╭─ THE INPUT

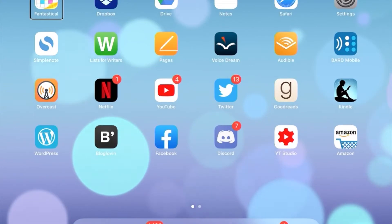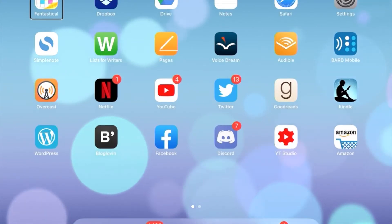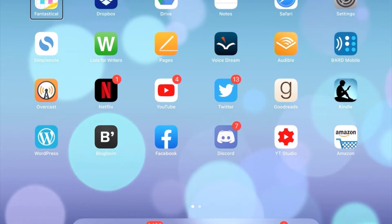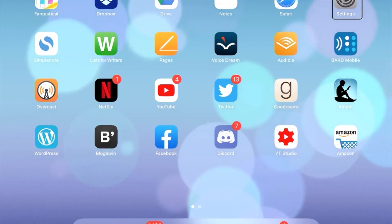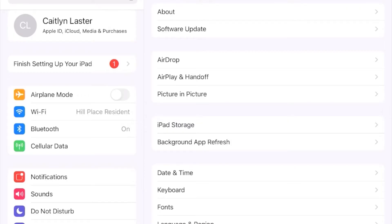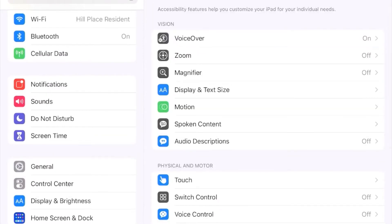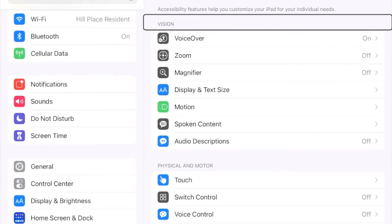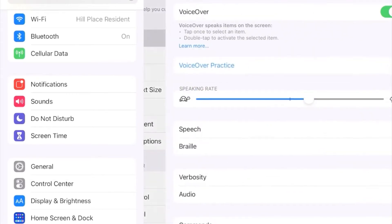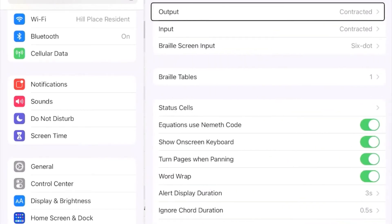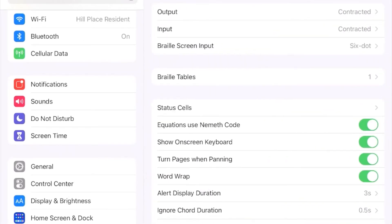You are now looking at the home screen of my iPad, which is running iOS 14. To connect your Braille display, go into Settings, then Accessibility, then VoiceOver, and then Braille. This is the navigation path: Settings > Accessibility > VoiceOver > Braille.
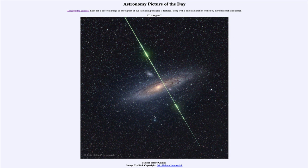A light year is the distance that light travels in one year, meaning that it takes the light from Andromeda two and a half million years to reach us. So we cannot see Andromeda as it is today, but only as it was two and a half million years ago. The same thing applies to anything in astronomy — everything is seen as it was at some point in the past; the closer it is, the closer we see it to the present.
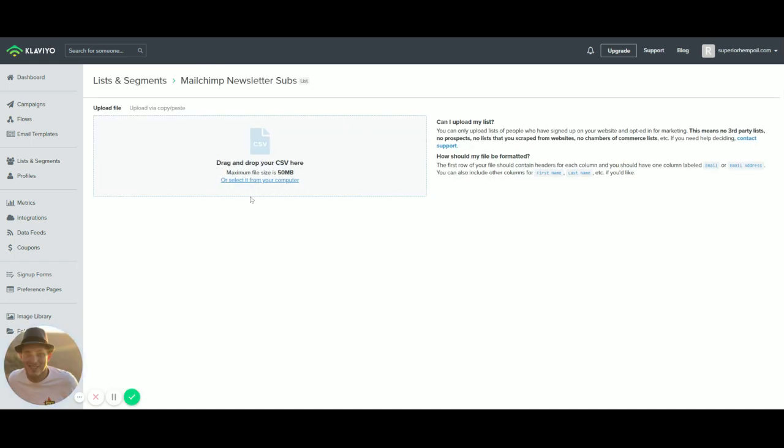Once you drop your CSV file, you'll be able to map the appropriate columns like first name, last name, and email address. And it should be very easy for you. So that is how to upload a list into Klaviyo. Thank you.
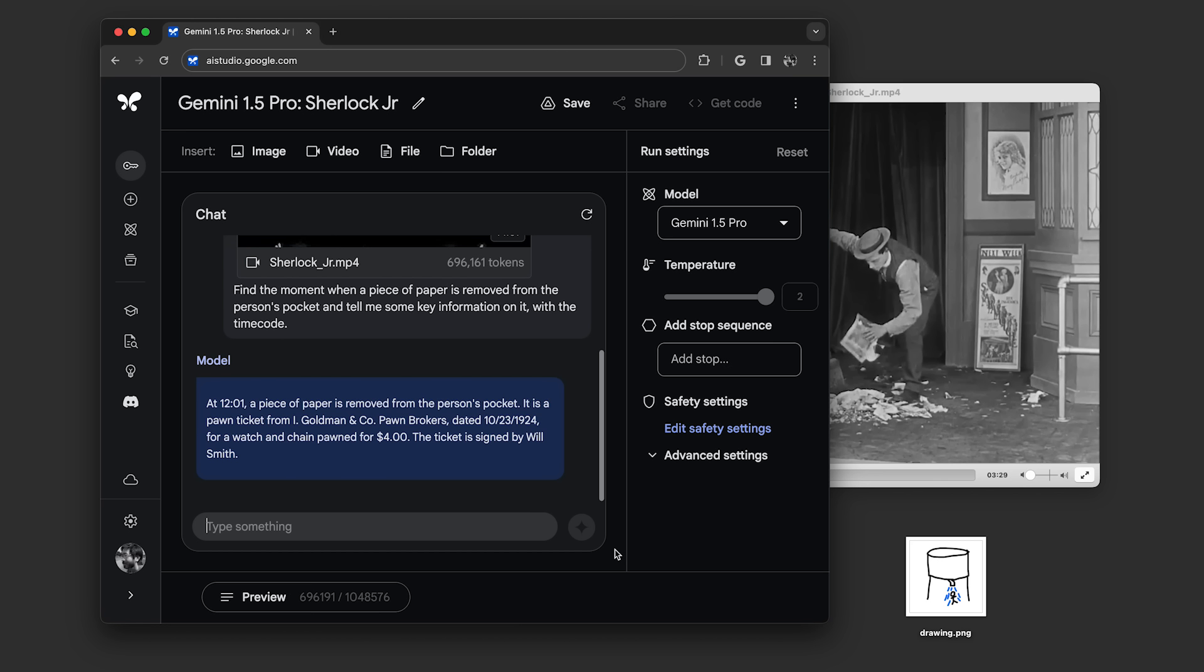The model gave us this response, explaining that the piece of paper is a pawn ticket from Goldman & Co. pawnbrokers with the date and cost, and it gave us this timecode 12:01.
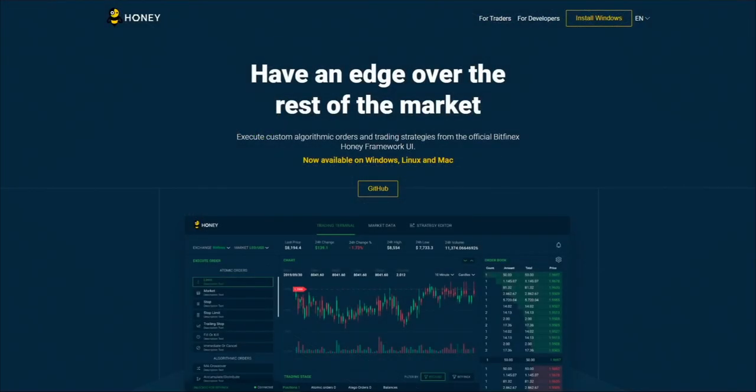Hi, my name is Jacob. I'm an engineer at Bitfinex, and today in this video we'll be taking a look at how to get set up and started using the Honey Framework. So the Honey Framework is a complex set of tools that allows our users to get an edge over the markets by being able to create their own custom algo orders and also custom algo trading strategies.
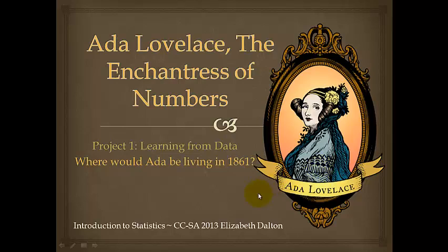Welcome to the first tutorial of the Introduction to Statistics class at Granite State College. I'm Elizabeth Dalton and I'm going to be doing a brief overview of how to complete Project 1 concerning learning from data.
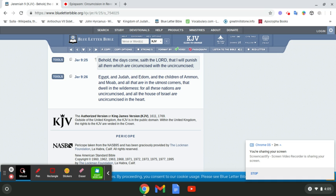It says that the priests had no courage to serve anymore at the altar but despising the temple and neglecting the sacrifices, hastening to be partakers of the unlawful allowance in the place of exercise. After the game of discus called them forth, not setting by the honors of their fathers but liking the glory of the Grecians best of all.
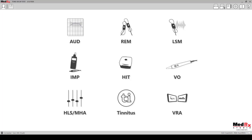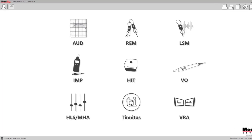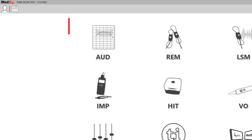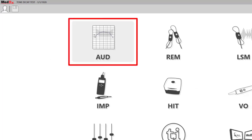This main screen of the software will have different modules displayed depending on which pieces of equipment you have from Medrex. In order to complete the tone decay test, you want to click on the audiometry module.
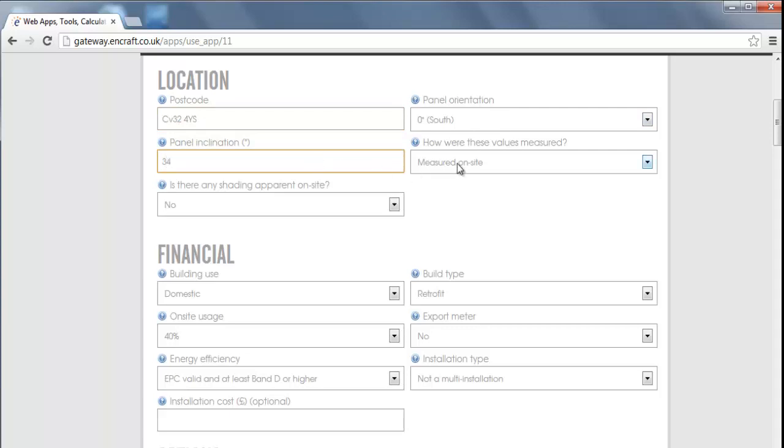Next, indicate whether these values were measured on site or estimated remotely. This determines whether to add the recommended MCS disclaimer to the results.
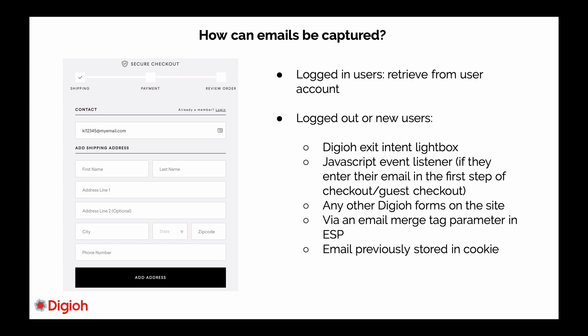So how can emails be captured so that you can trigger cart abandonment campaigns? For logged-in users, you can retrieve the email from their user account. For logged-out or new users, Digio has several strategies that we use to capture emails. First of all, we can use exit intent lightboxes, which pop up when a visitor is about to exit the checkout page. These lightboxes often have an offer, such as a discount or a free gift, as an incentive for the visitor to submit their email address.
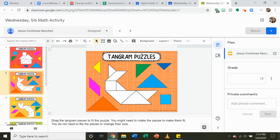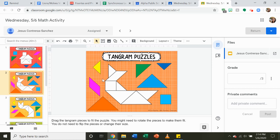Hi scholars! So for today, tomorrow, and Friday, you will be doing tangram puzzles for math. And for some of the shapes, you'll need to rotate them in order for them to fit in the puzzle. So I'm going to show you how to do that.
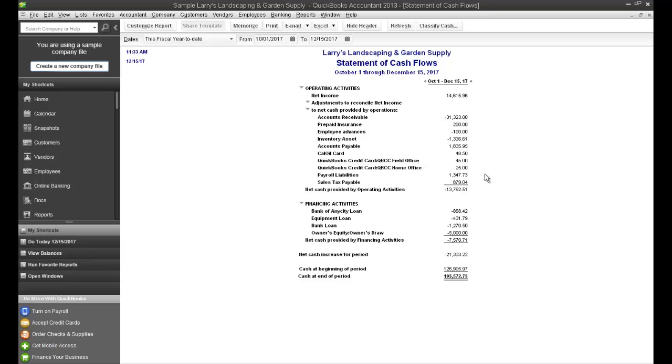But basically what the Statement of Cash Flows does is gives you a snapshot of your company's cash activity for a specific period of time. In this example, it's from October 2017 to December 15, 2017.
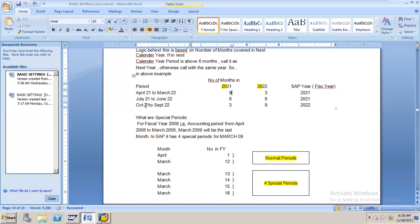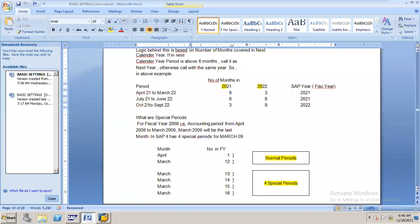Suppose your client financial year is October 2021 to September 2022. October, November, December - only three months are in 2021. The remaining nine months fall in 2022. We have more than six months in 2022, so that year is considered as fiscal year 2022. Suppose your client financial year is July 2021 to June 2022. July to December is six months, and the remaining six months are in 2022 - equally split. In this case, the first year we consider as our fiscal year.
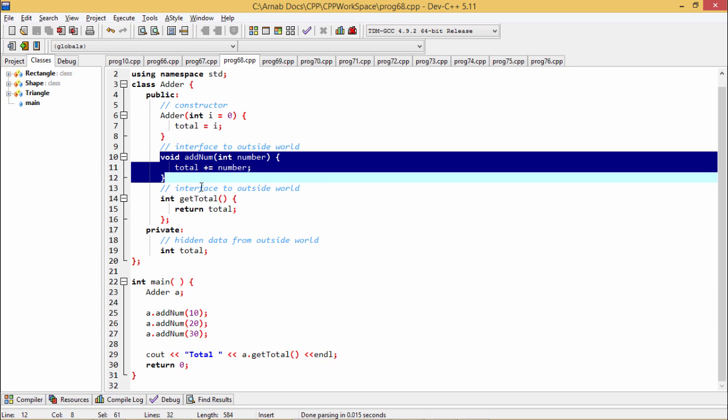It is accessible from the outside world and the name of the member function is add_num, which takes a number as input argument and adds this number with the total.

╰─

## YOUR ASSIGNMENT
Could you output exactly the lines above, from the line with "Once you drop" up to and including the line with "The model gave", and nothing else, skipping the pictures?

## ANSWER SECTION
Once you drop your CSV file, you'll be able to map the appropriate columns like first name, last name, and email address. And it should be very easy for you. So that is how to upload a list into Klaviyo. Thank you.
The model gave us this response, explaining that the piece of paper is a pawn ticket from Goldman & Co. pawnbrokers with the date and cost, and it gave us this timecode 12:01.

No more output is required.